LoxiLB supports stateful HA configuration in various cloud environments such as AWS. Especially for AWS, one can configure HA using the Floating IP pattern, together with LoxiLB.

The HA configuration described in the above document has certain limitations. It could only be configured within a single Availability-Zone(AZ). In real world, the HA instances need to share the VIP of the same subnet in order to provide a single access point to users, but this configuration was so far not possible in a multi-AZ environment. This blog explains how to deploy LoxiLB in a multi-AZ environment with single VIP and configure HA.

Overall Scenario

Two LoxiLB instances - loxilb1 and loxilb2 will be deployed in different AZs. These two loxilbs form a HA pair and operate in active-backup roles.

The active loxilb1 instance is additionally assigned a secondary network interface called loxi-eni. The loxi-eni network interface has a private IP (124.124.124.250 in this setup) which is used as a secondary IP.

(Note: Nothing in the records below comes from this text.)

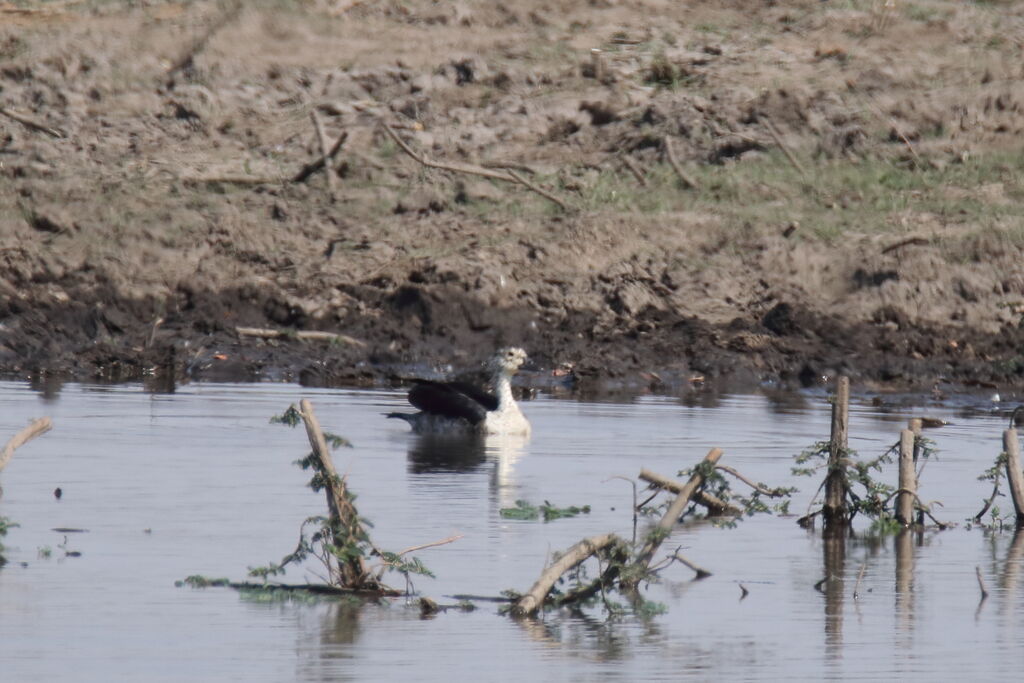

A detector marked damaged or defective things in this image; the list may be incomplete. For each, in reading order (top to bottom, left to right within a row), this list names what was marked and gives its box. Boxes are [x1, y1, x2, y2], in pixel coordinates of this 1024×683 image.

broken stick [0, 417, 52, 475]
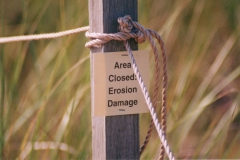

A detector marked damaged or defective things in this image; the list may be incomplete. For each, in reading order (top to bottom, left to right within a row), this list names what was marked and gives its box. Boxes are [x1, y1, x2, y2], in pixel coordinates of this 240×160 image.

erosion damage sign [93, 50, 149, 116]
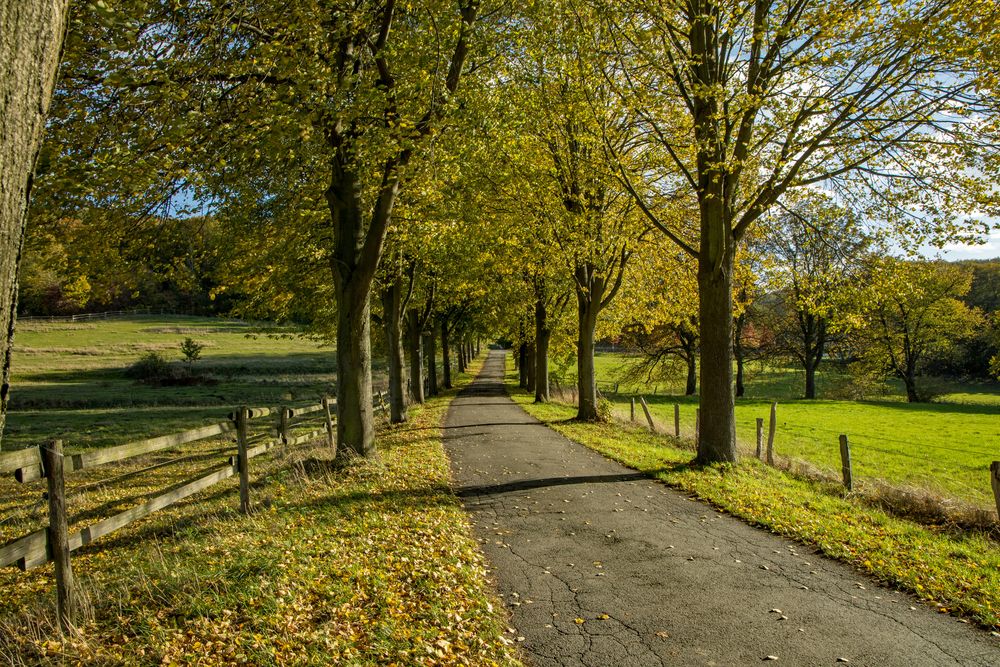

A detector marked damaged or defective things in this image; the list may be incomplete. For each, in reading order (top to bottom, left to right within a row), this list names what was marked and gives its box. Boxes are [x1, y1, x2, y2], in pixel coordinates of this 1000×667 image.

cracked pavement [448, 352, 1000, 664]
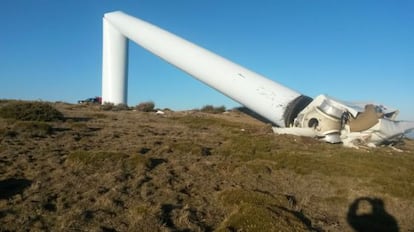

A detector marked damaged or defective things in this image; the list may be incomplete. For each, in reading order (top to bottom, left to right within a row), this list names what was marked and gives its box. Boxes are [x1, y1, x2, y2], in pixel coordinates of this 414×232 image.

bent tower section [101, 10, 310, 127]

loxilb1 associates this 124.124.124.250 secondary IP with an user-specified public ElasticIP address. When a user accesses the EKS service externally using an ElasticIP address, this traffic is NATed to the 124.124.124.250 IP and delivered to the active loxilb instance. The active loxilb instance can then load balance the traffic to the appropriate endpoint in EKS.

If loxilb1 goes down due to any reason, the status of loxilb2, which was backup previously, changes to active.

During this transition, loxilb2 instance is assigned a new loxil-eni secondary network interface, and the 124.124.124.250 IP used by the the original master "loxilb1" is set to the secondary network interface of loxilb2.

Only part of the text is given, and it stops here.